Fenomena terjadinya brain drain banyak dirasakan oleh negara negara berkembang sejak jaman dahulu. Ada banyak ragam yang melatarbelakangi terjadinya fenomena ini, mulai dari sosial, ekonomi, politik dan budaya. Bahkan, Indonesia pun tidak luput dari fenomena brain drain, apa ini?
Dalam sejarahnya, fenomena berpindahnya tenaga ahli menuju negara maju dengan istilah brain drain pertama kali digunakan oleh British Royal Society, yaitu peristiwa ledakan para ilmuan dari inggris yang berpindah menuju Amerika Serikat dan kanada yang terjadi pada sekitar tahun 1950an dan 1960an.
Migrasi internasional kini semakin menjadi permasalahan yang menyita perhatian banyak pihak, termasuk Pemerintah Indonesia. Sejatinya, bagi mereka yang mempunyai bakat dan keahlian yang tinggi menjadi aset berharga suatu negara agar bisa berdaya saing dengan dunia internasional.
Namun apa daya, mereka justru tidak memiliki kesempatan atau diwadahi dengan benar atau bahkan merasa dihargai keahliannya di dalam negeri. Terlebih, percaturan politik yang dianggap tidak menentu membuat mereka yang memiliki keahlian lebih memilih untuk bermigrasi ke luar negeri yang dianggapnya memiliki potensi lebih untuk bisa berkembang.
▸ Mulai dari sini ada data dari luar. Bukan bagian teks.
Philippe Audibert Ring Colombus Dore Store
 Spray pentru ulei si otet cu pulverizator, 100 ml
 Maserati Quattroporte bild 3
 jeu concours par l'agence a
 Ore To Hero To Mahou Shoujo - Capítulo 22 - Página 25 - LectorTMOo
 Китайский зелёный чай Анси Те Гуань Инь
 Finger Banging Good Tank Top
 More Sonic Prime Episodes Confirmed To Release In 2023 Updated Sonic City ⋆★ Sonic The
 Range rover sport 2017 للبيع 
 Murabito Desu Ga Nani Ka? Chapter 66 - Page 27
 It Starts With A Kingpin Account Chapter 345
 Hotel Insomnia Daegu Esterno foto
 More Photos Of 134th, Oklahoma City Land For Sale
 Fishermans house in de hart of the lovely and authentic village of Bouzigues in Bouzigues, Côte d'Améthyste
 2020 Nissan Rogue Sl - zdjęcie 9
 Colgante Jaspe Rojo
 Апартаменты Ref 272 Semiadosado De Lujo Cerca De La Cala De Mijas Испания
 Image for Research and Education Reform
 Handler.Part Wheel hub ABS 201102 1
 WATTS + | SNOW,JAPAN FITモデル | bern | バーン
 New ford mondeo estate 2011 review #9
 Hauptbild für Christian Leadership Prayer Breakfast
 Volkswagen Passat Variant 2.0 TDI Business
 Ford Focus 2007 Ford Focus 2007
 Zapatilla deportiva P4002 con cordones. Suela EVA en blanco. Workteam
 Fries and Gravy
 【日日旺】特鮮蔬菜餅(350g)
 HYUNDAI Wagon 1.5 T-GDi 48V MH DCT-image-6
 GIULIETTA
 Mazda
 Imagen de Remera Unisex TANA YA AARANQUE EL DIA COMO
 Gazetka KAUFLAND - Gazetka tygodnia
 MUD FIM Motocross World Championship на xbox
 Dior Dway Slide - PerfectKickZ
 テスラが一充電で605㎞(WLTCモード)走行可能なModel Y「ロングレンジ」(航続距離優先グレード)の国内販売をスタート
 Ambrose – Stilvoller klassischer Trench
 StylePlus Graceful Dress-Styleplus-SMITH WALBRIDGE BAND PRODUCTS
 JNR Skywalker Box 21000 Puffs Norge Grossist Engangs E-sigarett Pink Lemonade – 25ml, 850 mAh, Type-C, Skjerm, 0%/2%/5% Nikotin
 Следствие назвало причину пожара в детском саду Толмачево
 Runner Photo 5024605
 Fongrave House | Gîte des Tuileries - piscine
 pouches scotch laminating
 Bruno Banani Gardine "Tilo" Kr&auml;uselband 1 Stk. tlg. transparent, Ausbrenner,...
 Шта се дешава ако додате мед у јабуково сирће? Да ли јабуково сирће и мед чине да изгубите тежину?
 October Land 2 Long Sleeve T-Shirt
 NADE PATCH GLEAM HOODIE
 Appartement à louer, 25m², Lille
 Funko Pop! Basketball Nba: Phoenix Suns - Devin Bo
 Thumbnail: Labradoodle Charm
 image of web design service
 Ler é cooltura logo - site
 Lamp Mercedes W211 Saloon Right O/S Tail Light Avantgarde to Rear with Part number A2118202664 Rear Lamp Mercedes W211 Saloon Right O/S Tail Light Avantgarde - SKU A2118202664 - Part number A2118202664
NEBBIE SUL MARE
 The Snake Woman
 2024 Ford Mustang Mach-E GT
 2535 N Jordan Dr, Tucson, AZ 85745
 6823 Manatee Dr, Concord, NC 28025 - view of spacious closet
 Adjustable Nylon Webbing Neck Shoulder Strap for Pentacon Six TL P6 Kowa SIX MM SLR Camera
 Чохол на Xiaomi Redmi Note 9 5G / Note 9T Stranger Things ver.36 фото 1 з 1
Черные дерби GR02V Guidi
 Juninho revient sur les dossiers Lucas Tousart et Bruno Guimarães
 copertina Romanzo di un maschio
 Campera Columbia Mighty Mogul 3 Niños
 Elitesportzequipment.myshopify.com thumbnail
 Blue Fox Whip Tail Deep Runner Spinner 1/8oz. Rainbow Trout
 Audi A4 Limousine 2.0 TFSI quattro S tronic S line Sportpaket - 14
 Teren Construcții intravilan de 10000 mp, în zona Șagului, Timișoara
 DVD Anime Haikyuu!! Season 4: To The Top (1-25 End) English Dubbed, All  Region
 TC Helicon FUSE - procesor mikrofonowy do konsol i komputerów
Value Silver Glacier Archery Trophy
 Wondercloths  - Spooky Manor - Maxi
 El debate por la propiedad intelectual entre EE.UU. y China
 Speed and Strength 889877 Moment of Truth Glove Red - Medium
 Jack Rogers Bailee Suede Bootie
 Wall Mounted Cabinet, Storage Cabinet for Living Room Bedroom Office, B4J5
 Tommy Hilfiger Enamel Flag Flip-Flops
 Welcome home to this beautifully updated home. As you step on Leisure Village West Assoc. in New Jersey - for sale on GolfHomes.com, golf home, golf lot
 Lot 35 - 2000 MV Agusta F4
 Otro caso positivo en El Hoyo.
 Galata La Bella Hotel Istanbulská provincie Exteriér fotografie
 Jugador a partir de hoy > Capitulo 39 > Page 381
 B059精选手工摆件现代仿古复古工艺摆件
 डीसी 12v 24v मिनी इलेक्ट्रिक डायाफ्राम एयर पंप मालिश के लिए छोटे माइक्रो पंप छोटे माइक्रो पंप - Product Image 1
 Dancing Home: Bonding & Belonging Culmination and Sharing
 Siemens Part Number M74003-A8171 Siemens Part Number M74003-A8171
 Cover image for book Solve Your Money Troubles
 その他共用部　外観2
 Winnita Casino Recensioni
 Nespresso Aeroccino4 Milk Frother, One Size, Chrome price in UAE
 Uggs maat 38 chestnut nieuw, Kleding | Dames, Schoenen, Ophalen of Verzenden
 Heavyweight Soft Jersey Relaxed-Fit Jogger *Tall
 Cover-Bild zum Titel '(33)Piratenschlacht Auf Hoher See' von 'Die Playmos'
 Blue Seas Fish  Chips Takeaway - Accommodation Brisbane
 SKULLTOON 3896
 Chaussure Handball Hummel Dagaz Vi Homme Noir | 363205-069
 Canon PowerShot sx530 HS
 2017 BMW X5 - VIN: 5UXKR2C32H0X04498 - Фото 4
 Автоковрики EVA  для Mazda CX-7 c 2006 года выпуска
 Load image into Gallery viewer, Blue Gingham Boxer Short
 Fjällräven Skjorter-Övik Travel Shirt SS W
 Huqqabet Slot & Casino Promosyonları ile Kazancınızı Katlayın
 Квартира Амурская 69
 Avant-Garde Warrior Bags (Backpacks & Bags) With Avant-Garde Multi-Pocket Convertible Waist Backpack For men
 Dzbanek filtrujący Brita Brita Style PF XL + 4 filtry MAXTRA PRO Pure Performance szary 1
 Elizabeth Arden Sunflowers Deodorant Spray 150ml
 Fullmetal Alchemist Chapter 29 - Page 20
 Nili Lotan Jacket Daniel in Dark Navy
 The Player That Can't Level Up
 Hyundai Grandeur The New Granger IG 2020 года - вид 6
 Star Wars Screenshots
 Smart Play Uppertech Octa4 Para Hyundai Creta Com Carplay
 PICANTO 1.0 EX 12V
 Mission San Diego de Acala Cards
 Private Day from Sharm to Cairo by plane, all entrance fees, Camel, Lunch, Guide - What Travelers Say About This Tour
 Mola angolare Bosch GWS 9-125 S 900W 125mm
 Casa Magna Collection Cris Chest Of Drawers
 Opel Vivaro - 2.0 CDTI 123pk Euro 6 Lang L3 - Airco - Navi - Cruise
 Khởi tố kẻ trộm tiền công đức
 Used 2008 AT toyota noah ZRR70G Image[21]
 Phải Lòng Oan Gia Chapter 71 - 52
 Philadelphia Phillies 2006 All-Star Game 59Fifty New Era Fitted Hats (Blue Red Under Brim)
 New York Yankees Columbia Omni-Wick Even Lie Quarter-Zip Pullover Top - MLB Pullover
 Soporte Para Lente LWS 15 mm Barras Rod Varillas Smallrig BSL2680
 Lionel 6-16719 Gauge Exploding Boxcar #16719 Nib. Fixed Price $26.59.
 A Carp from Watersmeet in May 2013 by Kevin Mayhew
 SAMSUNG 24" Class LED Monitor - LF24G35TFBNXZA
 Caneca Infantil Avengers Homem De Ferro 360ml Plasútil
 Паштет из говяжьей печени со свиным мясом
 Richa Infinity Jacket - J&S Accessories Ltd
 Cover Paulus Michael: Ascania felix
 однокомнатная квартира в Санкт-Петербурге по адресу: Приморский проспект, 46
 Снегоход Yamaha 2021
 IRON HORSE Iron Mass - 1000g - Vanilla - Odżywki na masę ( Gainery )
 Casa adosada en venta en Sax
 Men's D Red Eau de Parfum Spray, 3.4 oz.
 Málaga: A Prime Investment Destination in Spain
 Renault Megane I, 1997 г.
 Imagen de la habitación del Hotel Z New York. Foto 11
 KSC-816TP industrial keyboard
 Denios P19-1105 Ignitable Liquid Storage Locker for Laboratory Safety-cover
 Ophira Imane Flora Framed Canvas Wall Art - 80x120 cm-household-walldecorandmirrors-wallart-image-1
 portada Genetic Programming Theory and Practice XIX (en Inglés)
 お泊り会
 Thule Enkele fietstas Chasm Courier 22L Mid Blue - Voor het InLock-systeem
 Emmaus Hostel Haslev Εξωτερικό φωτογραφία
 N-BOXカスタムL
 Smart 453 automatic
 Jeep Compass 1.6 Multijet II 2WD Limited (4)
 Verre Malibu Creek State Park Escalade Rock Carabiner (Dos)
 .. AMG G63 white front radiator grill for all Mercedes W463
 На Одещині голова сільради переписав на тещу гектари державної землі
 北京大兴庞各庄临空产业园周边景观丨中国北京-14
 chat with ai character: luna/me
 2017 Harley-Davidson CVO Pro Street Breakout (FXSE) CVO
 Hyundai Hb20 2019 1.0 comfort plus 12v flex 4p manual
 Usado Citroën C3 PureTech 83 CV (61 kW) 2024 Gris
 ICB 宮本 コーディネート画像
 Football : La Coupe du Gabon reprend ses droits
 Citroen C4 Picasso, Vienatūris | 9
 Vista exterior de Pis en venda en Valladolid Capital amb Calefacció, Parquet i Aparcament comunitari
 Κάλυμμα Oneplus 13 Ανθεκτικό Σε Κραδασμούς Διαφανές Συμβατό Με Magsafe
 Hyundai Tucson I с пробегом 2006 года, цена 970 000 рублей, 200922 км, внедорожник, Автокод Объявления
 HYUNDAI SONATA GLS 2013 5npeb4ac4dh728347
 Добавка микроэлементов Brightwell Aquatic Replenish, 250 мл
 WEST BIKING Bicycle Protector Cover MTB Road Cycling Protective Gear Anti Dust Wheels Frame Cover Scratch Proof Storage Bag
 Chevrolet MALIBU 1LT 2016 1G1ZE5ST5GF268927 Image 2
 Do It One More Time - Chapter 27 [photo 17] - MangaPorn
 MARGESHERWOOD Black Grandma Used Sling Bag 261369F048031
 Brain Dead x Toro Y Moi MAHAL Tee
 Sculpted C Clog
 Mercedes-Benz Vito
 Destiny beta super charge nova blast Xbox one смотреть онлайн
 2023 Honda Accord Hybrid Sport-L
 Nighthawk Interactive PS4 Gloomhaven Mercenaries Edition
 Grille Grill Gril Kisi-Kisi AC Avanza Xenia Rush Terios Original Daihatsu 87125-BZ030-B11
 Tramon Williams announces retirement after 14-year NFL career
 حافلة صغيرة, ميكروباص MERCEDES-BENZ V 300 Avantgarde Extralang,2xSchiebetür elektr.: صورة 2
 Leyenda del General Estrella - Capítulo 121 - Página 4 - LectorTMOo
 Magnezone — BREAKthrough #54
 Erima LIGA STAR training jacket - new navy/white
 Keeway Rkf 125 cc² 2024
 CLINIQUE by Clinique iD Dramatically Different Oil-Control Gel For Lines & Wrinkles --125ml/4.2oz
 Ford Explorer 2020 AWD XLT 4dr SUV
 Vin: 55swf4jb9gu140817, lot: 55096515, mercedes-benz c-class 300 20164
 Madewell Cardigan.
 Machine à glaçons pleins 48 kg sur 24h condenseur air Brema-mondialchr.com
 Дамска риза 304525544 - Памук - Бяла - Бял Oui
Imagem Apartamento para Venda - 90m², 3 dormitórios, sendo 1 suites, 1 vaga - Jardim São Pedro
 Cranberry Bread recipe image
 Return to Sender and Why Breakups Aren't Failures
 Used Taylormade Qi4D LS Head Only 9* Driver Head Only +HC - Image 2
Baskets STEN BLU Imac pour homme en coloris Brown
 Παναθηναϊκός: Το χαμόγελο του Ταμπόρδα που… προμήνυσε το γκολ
Akibatnya, gelombang brain drain dari negara-negara berkembang semakin menguat. Munculnya diaspora yang sangat luas adalah sebuah konsekuensi dari perburuan terhadap kesempatan terbaik bagi negara berkembang.
Apa itu brain drain?
Secara sederhana brain drain atau human capital flight merupakan hengkangnya kaum intelektual, ilmuwan, cendikiawan dari negerinya sendiri dan menetap di luar negeri. Alasan yang melatarbelakanginya juga bisa beragam. Ada alasan politis, ekonomi, sosial budaya, dan juga pilihan hidup. Selain pertimbangan minimnya peluang dan keterbatasan berkarya di negara asal.
Baca juga: Apa Itu Brainstorming?
Jadi brain drain dalam kadar tertentu, bisa merugikan negara asal, karena ada potensi aset SDM terbaiknya yang hilang. Sebaliknya, hal tersebut menguntungkan bagi negara baru yang dipilih, karena negara yang dipilih mendapat sumber daya manusia (SDM) terbaik.
Ini merupakan fenomena yang sudah banyak terjadi di berbagai negara, baik di negara maju maupun negara-negara berkembang. Negara yang mengalami fenomena ini antara lain Cina, India, Rusia, Yunani, dan Malaysia. Keempat negara tersebut merupakan negara yang tingkat migrasinya tinggi, dimana yang melakukan migrasi tersebut adalah tenaga kerja intelektual.
Menurut literatur klasik tahun 1950-an sampai tahun 1980-an negara yang menerima tenaga kerja berkualitas dari luar negeri akan diuntungkan sedangkan negara yang mengirimkan tenaga kerja tersebut telah kehilangan SDM yang berkualitas.
Faktor Brain Drain
Migrasi yang dilakukan oleh penduduk yang berpendidikan atau berketerampilan sering disebut sebagai fenomena Brain Drain. Alasan bagi seseorang yang memilih untuk melakukan migrasi internasional, tentu karena terdapat faktor pendorong dan penariknya.
Faktor pendorong:
- Tingkat pendapatan yang rendah dan kurangnya fasilitas dan prasana penelitian,
- Faktor kenyamanan kerja yang rendah dan kebebasan berkarya yang terbatas.
- Adanya keinginan untuk memperoleh pengakuan dan kualifikasi yang tinggi dibandingkan negara asal.
- Ekspektasi karir yang lebih baik daripada di negara asal, kondisi politik dalam negeri dan diskriminasi jabatan.
- Perbedaan kondisi geografis dan etnis tertentu menjadi faktor penentu atas preferensi untuk melakukan migrasi sebagai bagian dari norma sosial ekonomi mereka.
Faktor penarik brain drain antara lain:
- Prospek kehidupan ekonomi yang lebih baik, lebih banyak fasilitas pendidikan, penelitian dan teknologi yang tersedia.
- Kesempatan kerja dan pengalaman kerja yang lebih tinggi dan tingginya budaya akademis di negara tujuan.